Divertido e nostálgico, "Naruto" - um dos animes mais famosos da história - conta a trajetória de um garoto impopular que busca ser reconhecido pela sua aldeia após receber uma marcação demoníaca que o estigmatiza. Nesse sentido, depois de tornar-se um ninja gunin, a equipe de Naruto e o seu mentor recebem uma missão no País da Água que objetiva a proteção de um construtor de pontes morador de uma região pobre, a qual é marcada pela violência e, principalmente, pelo abuso de poder das autoridades que se aproveitam da instabilidade local e da desesperança de toda uma população. Análoga à realidade, a condição da aldeia apresentada na animação reflete um problema comum na atualidade brasileira: os riscos do aumento da desigualde social. Desse modo, a presença de uma invisibilidade dos direitos e da identidade civil, bem como a manifestação de abusos sociais, favorecem o regresso nacional.

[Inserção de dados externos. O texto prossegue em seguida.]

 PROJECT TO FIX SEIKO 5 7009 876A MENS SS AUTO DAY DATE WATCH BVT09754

A princípio, é de extrema necessidade elucidar como a ampliação da discriminação e a exclusão de oportunidades corroboram o processo de apagamento da memória cidadã. Segundo o sociólogo Jessé Souza, em seu livro A Elite do Atraso, o indivíduo que ocupa uma posição advinda de camadas mais desprotegidas torna-se marginalizado e, consequentemente, é reduzido de sua própria identidade social, uma vez que não é reconhecido como cidadão. Para ele, o meio brasileiro sugere uma segregação entre "gente" e "subgente", ao passo que o ser humano passa a ser escalado como útil ou inútil na máquina sociopolítica atual, a qual rememora as raízes que construíram um Brasil de exclusão desde o colonialismo. Sendo assim, o crescimento impiedoso das mazelas sociais que culminam na explosão da desigualdade fomenta a descaracterização da personagem comum brasileira, pois a falta de moradia digna, o preconceito contra a população negra, assim como a intensificação dos resultados da pobreza (fome, desemprego, desestruturação familiar), promovem uma desqualificação da vida social dos indivíduos, visto que a condição de subgente é ampliada.

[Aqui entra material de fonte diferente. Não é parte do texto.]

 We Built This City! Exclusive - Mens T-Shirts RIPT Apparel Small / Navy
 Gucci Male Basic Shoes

Além disso, a instauração de uma sociedade desigual dá lugar a manifestações de caráter imperativo e excludente. Conforme o filósofo John Stuart Mill, as atitudes sociais que configurarem uma ampliação inadequada do poder político deverão ser tratadas a partir dos seus antagonismos. De acordo com a teoria do "Princípio do Dano", o estudioso defende que todo efeito negativo promovido pelo abuso da liberdade deve ser combatido, sendo necessária a defesa dos direitos legais dos terceiros. Tal fundamento pode ser interligado à situação atual, já que a disparidade das relações sociais possibilita o surgimento de violências institucionais ou não, como o domínio de facções criminosas em favelas brasileiras ou a atuação criminosa e, por vezes, homicida da polícia nas comunidades de baixa renda. Ademais, a desigual associação entre cidadãos provoca o aparecimento de outros tipos de violência, a exemplo da restrição dos direitos das minorias e do atraso na validação da demanda pública por serviços constitucionais. Em suma, assim como os abusos do País da Água, a realidade brasileira não foge da sua condição debilitante e dos seus graves riscos.

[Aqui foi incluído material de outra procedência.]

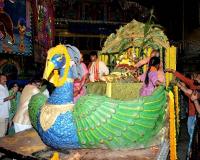 ఉజ్జయిని టెంపుల్ లో విజయదశమి పూజలు  - ఆలయంలో భక్తుల రద్దీ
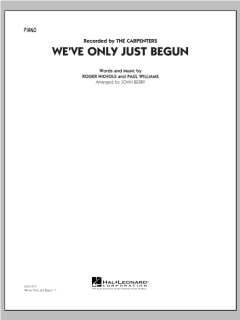 We've Only Just Begun von Roger Nichols (Download)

Faz-se necessário, portanto, desenvolver medidas que visem atenuar a desigualdade social. Dessa Maneira, o Poder Legislativo deve possibilitar a aplicação de todos os direitos legais garantidos pela Constituição, por meio de enrijecimento de leis que garantam a efetiva cidadania, como o acesso à educação de qualidade para todos, a fim de manter a identidade social necessária. Outrossim, o Ministério Público precisa averiguar os excessos dos poderes sociopolíticos, por intermédio de políticas públicas de adequação de renda e da cassação dos infratores, com o fito de desestruturar os riscos de desigualdade crescente em sociedades próximas àquela presente em Naruto.